Housing Discrimination Complaints Rising
Civil rights authorities say they've seen a serious uptick in housing discrimination complaints in Massachusetts. Its further fall out from the foreclosure crisis. WAMC's Pioneer Valley Bureau Chief Paul Tuthill reports.
An official with the Massachusetts Commission Against Discrimination says there's been an approximate 20 percent increase in housing discrimination complaints in the state this year. Meris Bergquist, executive director of the Massachusetts Fair Housing Center says its the result of a tightening rental market resulting from the foreclosure crisis, and the destruction of hundreds of housing units in last year's storms.
Bergquist says her organization this year has seen an uptick in complaints about housing discrimination coming from the state's five western most counties, which include the cities of Worcester and Springfield.
Springfield lost more than 500 units of housing in last year's tornado. For several years before that natural disaster, Springfield had the highest home foreclosure rates in the state.
Federal and state laws bar discrimination in housing based on several factors including race, family status, and sexual orientation.

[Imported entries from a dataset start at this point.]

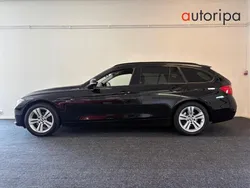 Svart Begagnad 2015 BMW 318 Sport Line Kombi | 129 900 kr (Marknadspris)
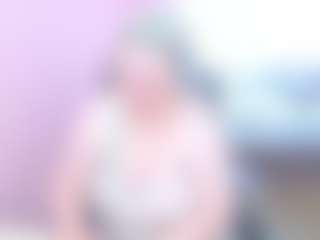 Live cam show with Ammy - Thick on CamSextacy
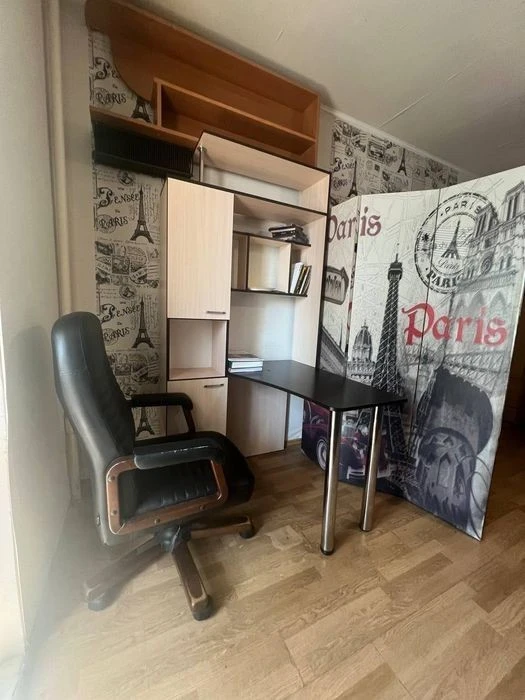 Harnyusya three-room apartment near the Kharkivskaya metro station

Massachusetts later this will extend housing protection based on gender identity.
Jamie Williamson, a commissioner with the Massachusetts Commission Against Discrimination said bias in the sale, and more often the rental of housing, can be subtle and not easy to detect.
Authorities will conduct audits of the housing market to try to turn up evidence of discrimination.
The MCAD is planning to closely monitor the rebuilding in Springfield's tornado damaged neighborhoods to assure full compliance with fair housing laws.
Housing advocates have said they're concerned about the un-even pace of tornado recovery. David Gaby of Open Housing of Western Massachusetts, a non-profit housing advocacy group, says rebuilding is lagging in the city's poor and minority neighborhoods.
Rhonda Sherrell lives in the Hill Homes Housing Co-op, a 90 unit co-op apartment building that was heavily damaged by the tornado. 36 of the apartments, including hers remain uninhabitable.
Sherrell says she's filed a complaint with the US Department of Housing and Urban Development.
More than 250 people from through out New England attended a conference in Springfield Friday to discuss trends in fair housing and civil rights.
Keynote speaker, Sheryll Cashin, a Georgetown Law Professor and author of several books on race relations, said America won't succeed economically without integrated housing.